» **Action item**
Could you retype the material, starting at its first line and ending with the line holding "Mechanizm podnoszenia szyby", and keep the pictures out?

» **Source records**

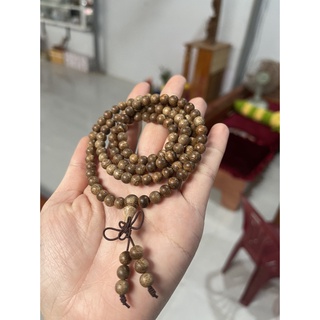 Vòng Trầm Hương Tự Nhiên - Tốc Rừng Nha Trang - Chuỗi Tràng 108 Hạt
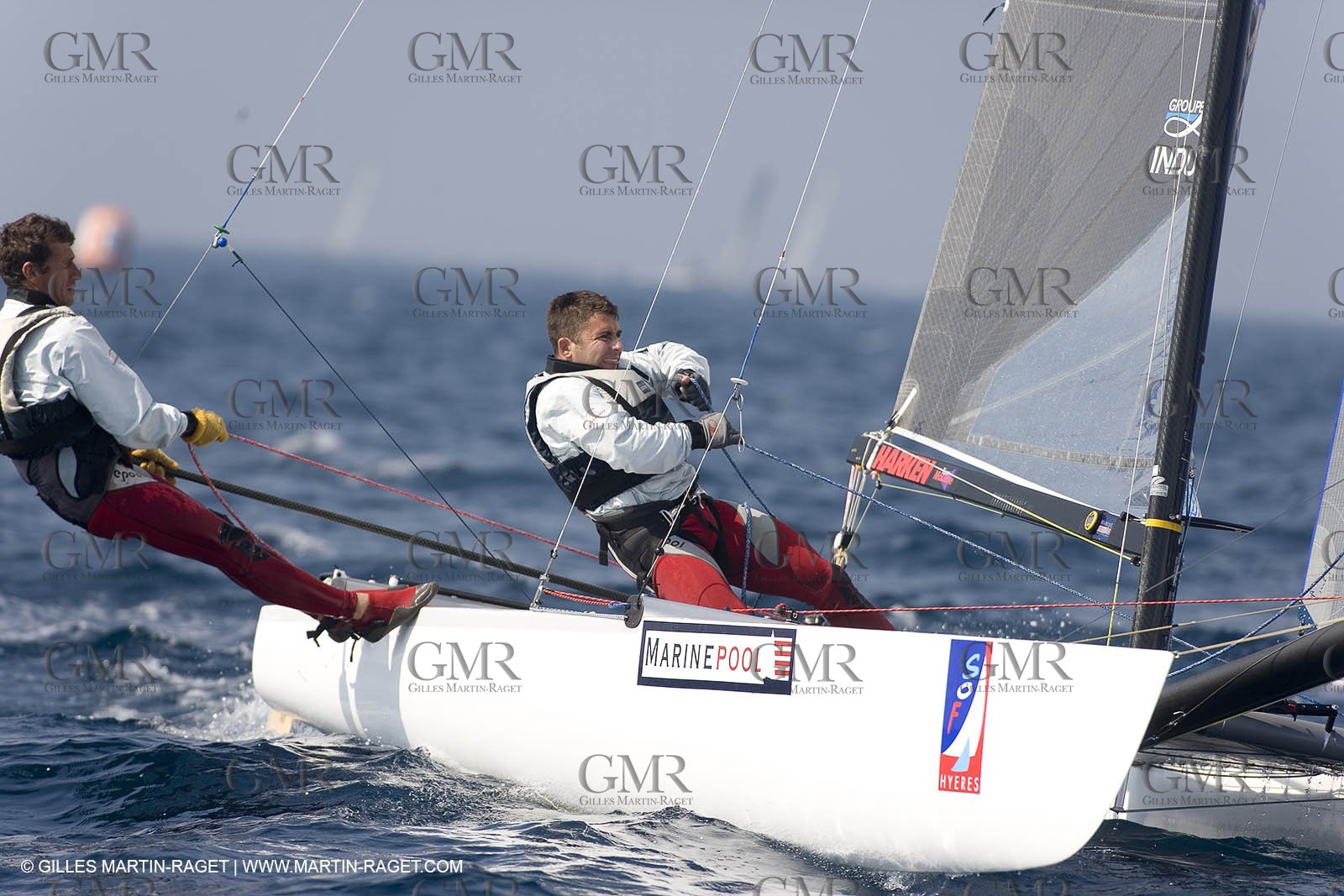 22 04 2007 - 2007 Semaine Olympique Française - Hyères (South of France) - Day 1 - Team France - Tornado - Revil - Espagnon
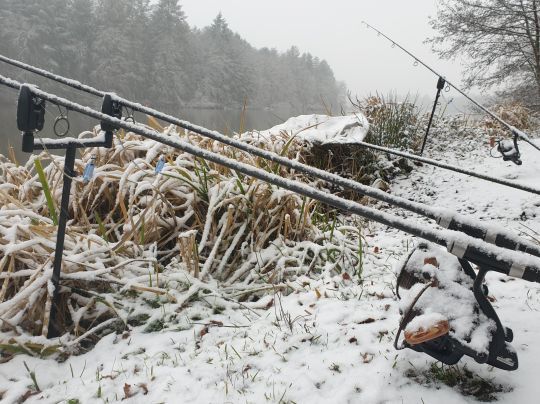 La magie de l'hiver.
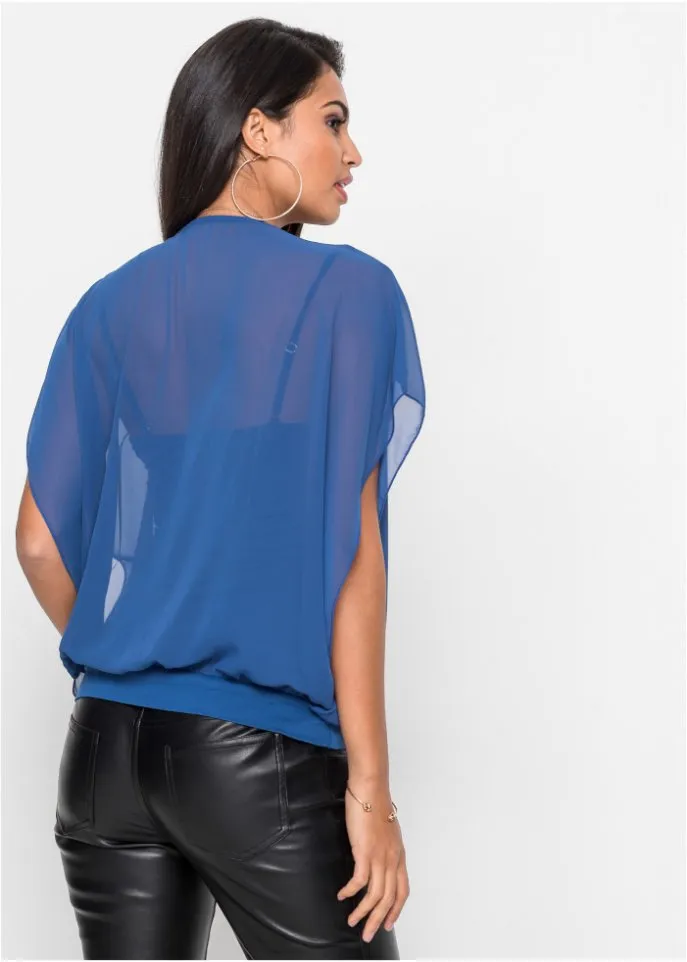 Bodyflirt shirt-blouse, blue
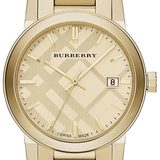 Burberry The City Gold Dial Gold Steel Strap Watch for Men - BU9038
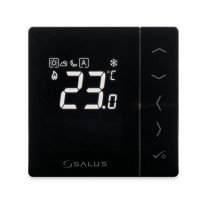 Termostat ambient Salus VS35B cu fir, neprogramabil, montaj in doza, 5 ani garantie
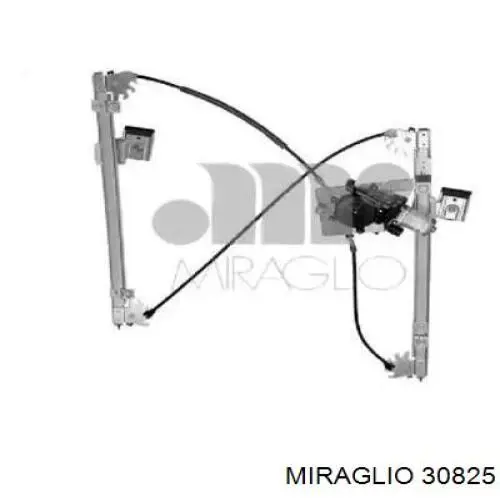 Mechanizm podnoszenia szyby drzwi przednich prawych Miraglio 30825 cena, od 55,04 USD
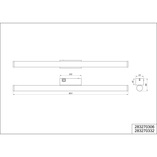 Kinkiet do łazni LED Mattimo | Trio - 80cm, Czarny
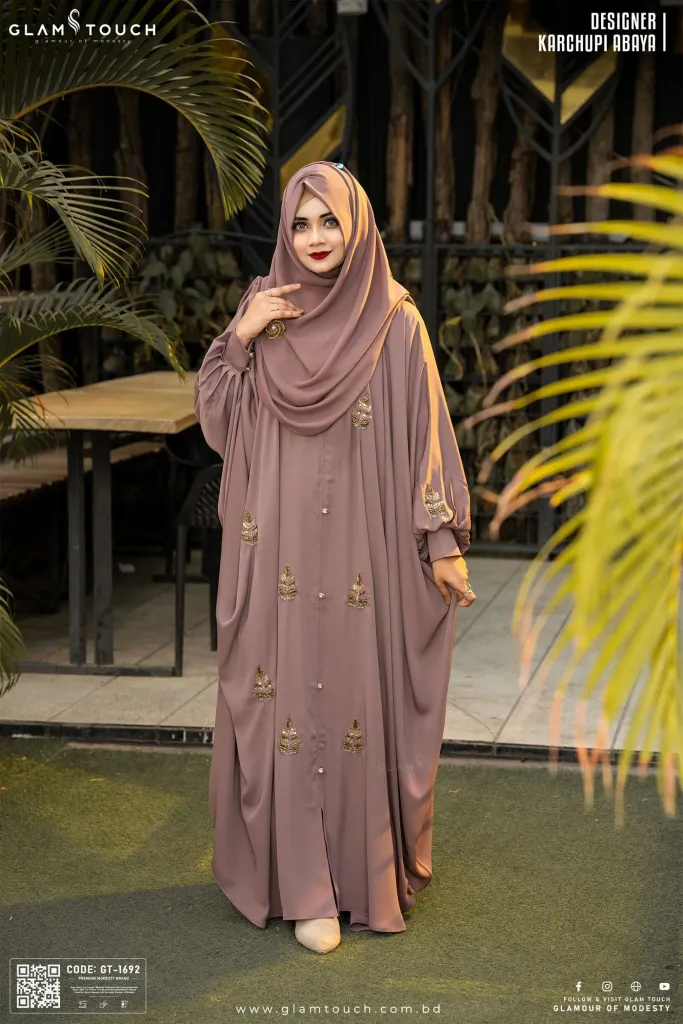 LUXURY DESIGNER KARCHUPI KAFTAN ABAYA | GT-1692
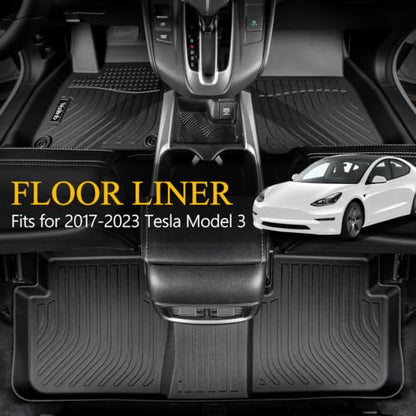 Floor Mats Custom for Tesla Model 3 2017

» **Response**
 Vòng Trầm Hương Tự Nhiên - Tốc Rừng Nha Trang - Chuỗi Tràng 108 Hạt
 22 04 2007 - 2007 Semaine Olympique Française - Hyères (South of France) - Day 1 - Team France - Tornado - Revil - Espagnon
 La magie de l'hiver.
 Bodyflirt shirt-blouse, blue
 Burberry The City Gold Dial Gold Steel Strap Watch for Men - BU9038
 Termostat ambient Salus VS35B cu fir, neprogramabil, montaj in doza, 5 ani garantie
 Mechanizm podnoszenia szyby drzwi przednich prawych Miraglio 30825 cena, od 55,04 USD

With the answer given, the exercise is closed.